Sothe smirked. "Consider it already done...literally."
"Gold star, Sothe. Gold star," Tibarn said. "So, club, what are we going to do today?"
"Take over the world?" Sothe said.
"Kick their asses...with music?" Tormod said.
"Dress like Lady Gaga?" Kyza said.
"All of the above?" Ranulf said.
"Not good enough!" Tibarn bellowed. "We are going to rip out their intestines and make them into festive bows! All with the power of music!"
"Cooooool," Tormod said.
"Can we do it while dressing like Lady Gaga?" Kyza asked.

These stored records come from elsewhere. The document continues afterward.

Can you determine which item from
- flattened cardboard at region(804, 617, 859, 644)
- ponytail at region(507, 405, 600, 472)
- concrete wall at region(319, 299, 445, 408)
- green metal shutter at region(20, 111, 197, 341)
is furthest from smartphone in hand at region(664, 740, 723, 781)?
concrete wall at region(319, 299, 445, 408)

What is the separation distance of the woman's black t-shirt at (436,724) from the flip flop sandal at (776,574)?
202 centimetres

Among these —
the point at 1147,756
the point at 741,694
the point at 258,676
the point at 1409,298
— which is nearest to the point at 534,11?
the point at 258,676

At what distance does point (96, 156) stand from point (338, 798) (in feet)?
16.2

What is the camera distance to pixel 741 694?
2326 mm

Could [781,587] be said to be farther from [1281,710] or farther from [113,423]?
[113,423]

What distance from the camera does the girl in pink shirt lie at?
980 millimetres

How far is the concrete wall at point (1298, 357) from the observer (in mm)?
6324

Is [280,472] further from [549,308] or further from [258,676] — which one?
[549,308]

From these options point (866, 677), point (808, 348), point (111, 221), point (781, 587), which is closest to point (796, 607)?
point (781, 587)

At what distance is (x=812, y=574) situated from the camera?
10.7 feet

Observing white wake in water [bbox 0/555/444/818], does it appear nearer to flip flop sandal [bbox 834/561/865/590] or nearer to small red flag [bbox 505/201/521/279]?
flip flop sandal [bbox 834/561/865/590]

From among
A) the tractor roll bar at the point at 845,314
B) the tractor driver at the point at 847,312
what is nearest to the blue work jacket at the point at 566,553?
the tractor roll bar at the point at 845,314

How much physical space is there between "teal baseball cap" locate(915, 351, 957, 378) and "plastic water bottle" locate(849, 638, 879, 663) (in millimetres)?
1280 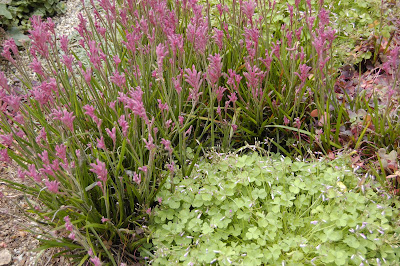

"...Sure, why not?" Tibarn said.
"Yes!" Kyza and Ranulf high-fived.
"Now club members. Remember to be violent with your F notes, and most of all be festive."
"In a violent manner?" Boyd asked.
"Yes," Tibarn said. "Aggressively festive. Ok, so—" Tibarn frowned at the ringtone which had a soft love song, as opposed to his usual Fly Like An Eagle ringtone. That was Reyson's personal one. He looked put up a finger and checked the readout unnecessarily.
"I know you were all looking forward to a song and dance routine, but I got called for an emergency encore, so I'm leaving today's homework for everyone to get their entries ready for our next sectionals practice."
"You're living the dream, my man. Put it up," Ranulf said.
They high-fived as Tibarn went out for his encore.
"So, you guys up for robbing banks?" Tormod said. "I'm up for robbing banks if you guys are."
Tibarn peeked back in. "No robbing banks. Or burning things. Or pimping yourself out on street corners." He looked meaningfully at Sothe. Sothe rolled his eyes. "Janaff will have his eyes on you, and Ulki will notice if you start getting your blowtorches out."
"Aww man," Tormod said.
Instead, they huddled about, trading songs and then yelling obscenities so violent, they would've made Tibarn proud, had he actually been there.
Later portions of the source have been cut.